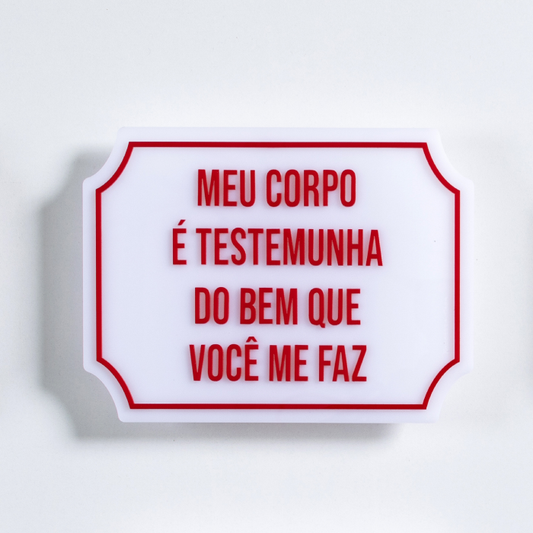 Placa Etiqueta Acrilica Meu Corpo é ...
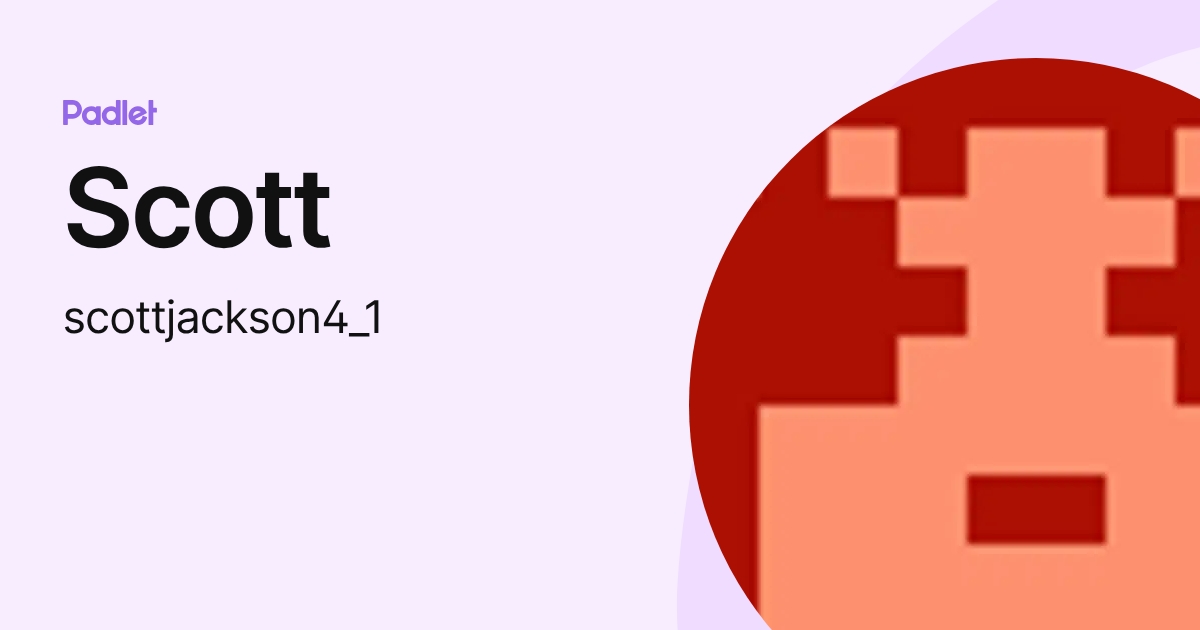 Scott (schooldaddy21) profile | Padlet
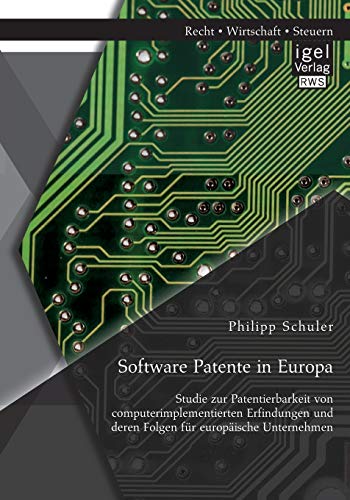 Stock image for Software Patente in Europa: Studie zur Patentierbarkeit von computerimplementierten Erfindungen und deren Folgen fur europaische Unternehmen for sale by Chiron Media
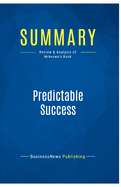 Summary: Predictable Success: Review and Analysis of Mckeown's Book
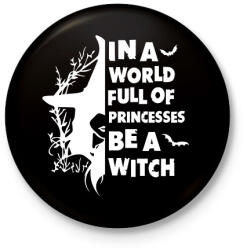 printfashion In a world full of Princess be a Witch - Kitűző, hűtőmágnes - Fekete (16817668)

────────────────

PROBLEM DETAILS: Pictures are not part of the copy. Please reproduce the material word for word.

SOLUTION TO THE PROBLEM:
 Placa Etiqueta Acrilica Meu Corpo é ...
 Scott (schooldaddy21) profile | Padlet
 Stock image for Software Patente in Europa: Studie zur Patentierbarkeit von computerimplementierten Erfindungen und deren Folgen fur europaische Unternehmen for sale by Chiron Media
 Summary: Predictable Success: Review and Analysis of Mckeown's Book
 printfashion In a world full of Princess be a Witch - Kitűző, hűtőmágnes - Fekete (16817668)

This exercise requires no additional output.